*** Opening GIVEN MATERIAL ***
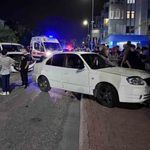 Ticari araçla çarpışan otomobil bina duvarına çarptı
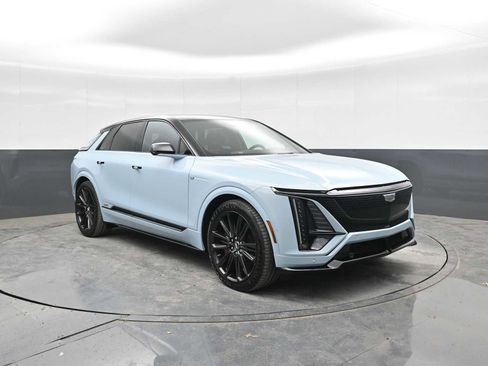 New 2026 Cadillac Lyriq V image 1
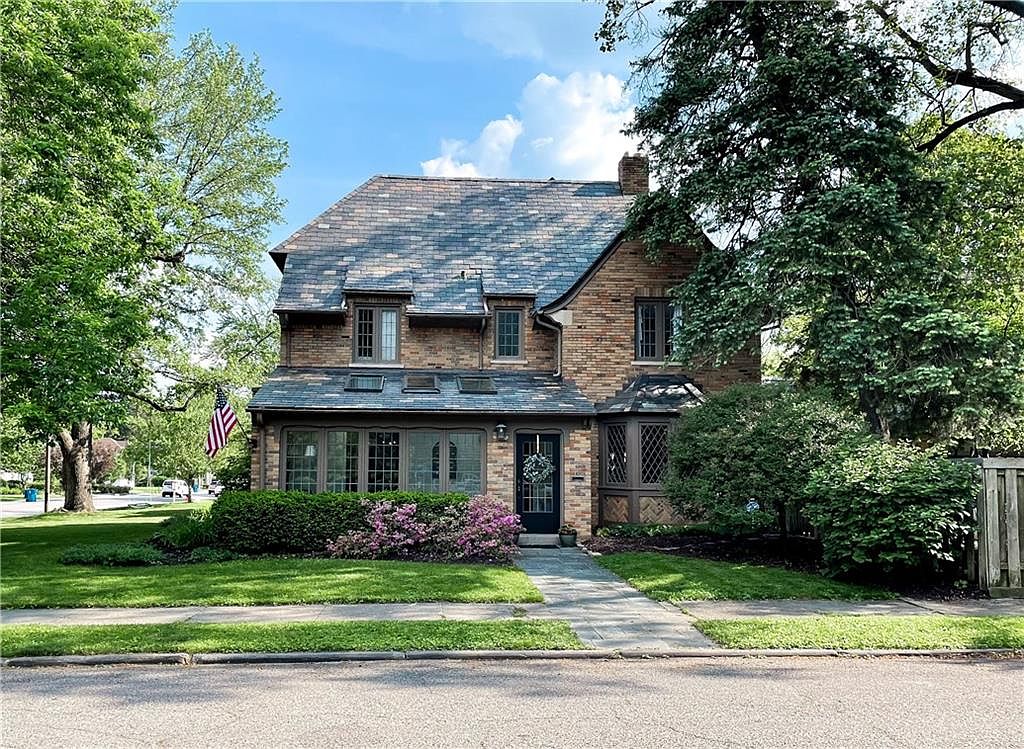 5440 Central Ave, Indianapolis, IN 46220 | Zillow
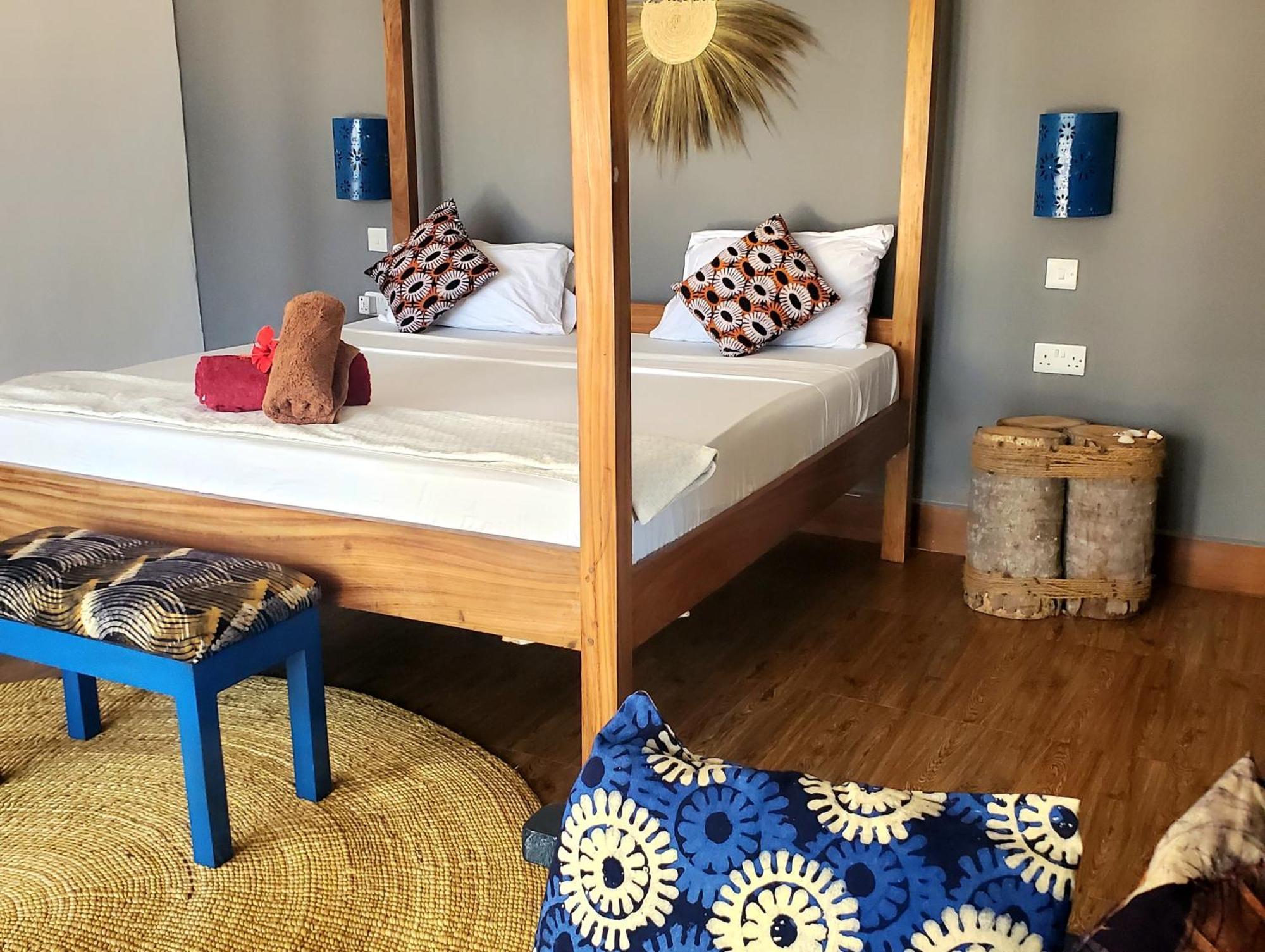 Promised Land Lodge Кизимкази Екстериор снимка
*** Closing GIVEN MATERIAL ***
_ACTION ITEM_. Strip out the pictures and repeat the listing above exactly.

_TASK OUTPUT_.
 Ticari araçla çarpışan otomobil bina duvarına çarptı
 New 2026 Cadillac Lyriq V image 1
 5440 Central Ave, Indianapolis, IN 46220 | Zillow
 Promised Land Lodge Кизимкази Екстериор снимка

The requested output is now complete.